Thu, Aug 19th 2010 12:00 am
By KENT HOOVER
khoover@bizjournals.com

When Congress returns in September, it will have four months to do what it failed to do over the past nine years: fix the absurd situation it created for the estate tax.

As part of the 2001 tax cuts, Congress gradually reduced the tax rates and increased the exemption for the estate tax, which is levied on a person's assets when he or she dies. These tax changes, which were limited to 10 years, repealed the estate tax this year only to allow it to come back next year at 2001's high rates and low exemptions.

Everyone knew this scenario made no sense, but Republicans and advocates for family-owned businesses were confident they eventually could win permanent repeal of the estate tax. Those hopes disappeared when Democrats took over Congress in 2007, and efforts to reach a compromise so far have failed.

If Congress doesn't address the issue by the end of the year, estates valued at $1 million or more would be subject to the estate tax. (For couples, the exemption could be doubled to $2 million.) The top estate tax rate would climb to 55 percent.
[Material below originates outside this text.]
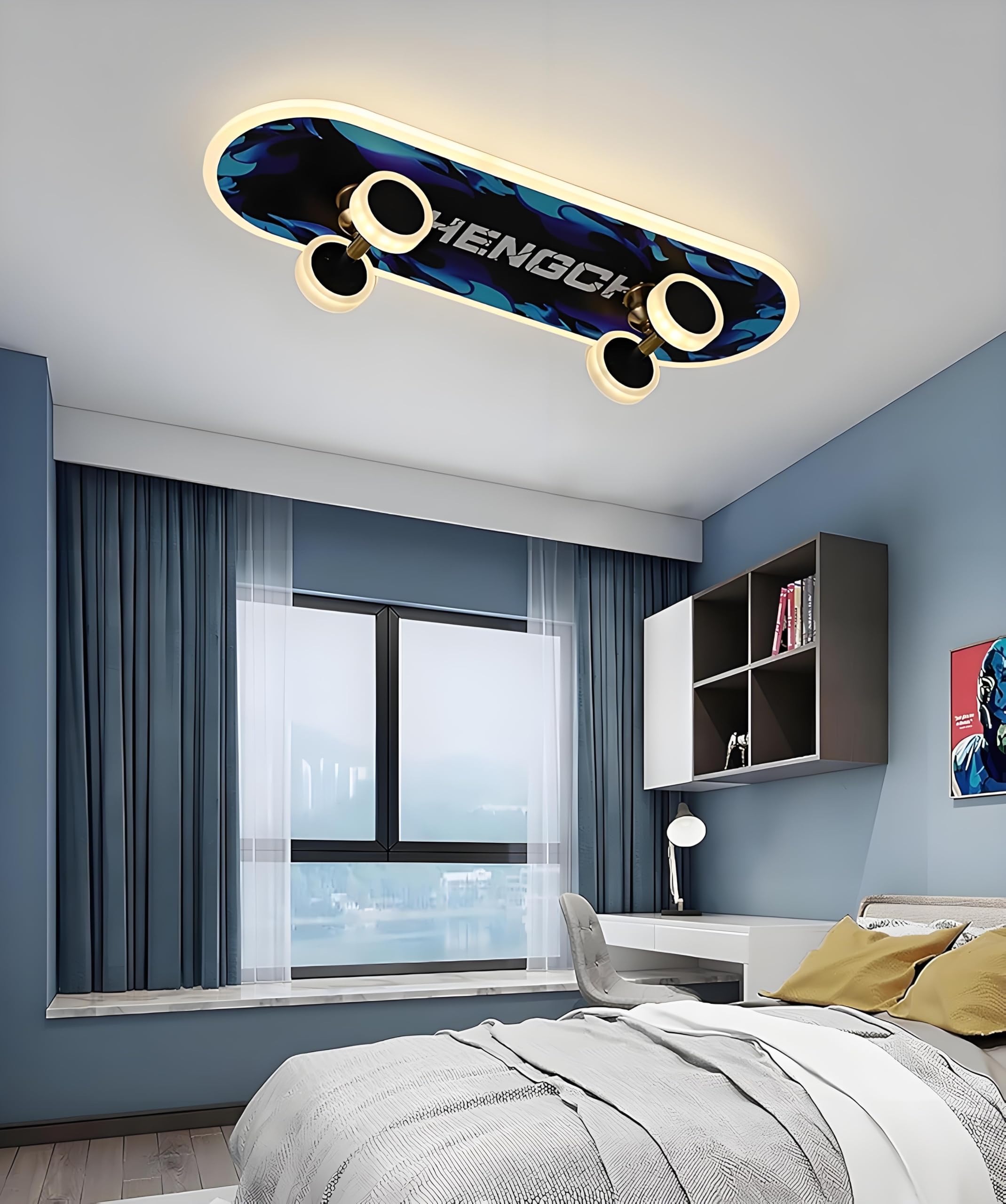LED Deckenleuchte - Kinderzimmer Lampe Decke Dimmbar mit Fernbedienung & APP, RGB Farbwechsel Kinder Deckenlampe, Kreative Skateboard Leuchte für Deko Junge/Mädchen Schlafzimmer, 32W, L60CM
That's up from zero this year and up from 45 percent with a $3.5 million exemption in 2009.

"There's no way that's going to happen," said Clint Stretch, managing principal of tax policy for Deloitte Tax LLP in Washington, D.C.

If it does happen, many more Americans - including families who own businesses - would be hit by the estate tax or at least the costs involved in avoiding or reducing its bite.

Stretch said the estate tax will be resolved when Congress decides what to do about individual income tax rates for high earners.

Reducing the rates and increasing the exemption for the estate tax could be combined with an income tax increase for wealthy Americans and an extension of current tax rates for the middle class. Or, if Congress decides to extend lower rates for high earners another year, it could pass a one-year fix in the estate tax, as well, and deal with the issue again next year.

Democrats have proposed reviving the estate tax at 2009's levels, while Republicans have proposed more favorable terms for estates: a $5 million exemption and a 35 percent tax rate.

The Family Business Estate Tax Coalition, a group of 51 business groups ranging from the American Farm Bureau Federation to the U.S. Chamber of Commerce, endorsed the Republican alternative.

"The higher exemption level and reduced rate will lessen the burden of the estate tax and provide family businesses and farms with more capital to create much-needed jobs and invest in their business," the coalition wrote in a letter to senators.

Lawsuits will be filed challenging whether Congress has the authority to tax an event - death - that already has occurred. One possible compromise would allow this year's heirs to choose between paying an estate tax or paying capital gains taxes on the difference between what the decedent originally paid for the assets and the sales price the heirs receive for the assets.

Making the estate tax optional, however, could create tension between executors and heirs, Stretch said. He doubts this scenario was addressed in any wills.

"The policy answer was for Congress to do its job last year, but it didn't," he said.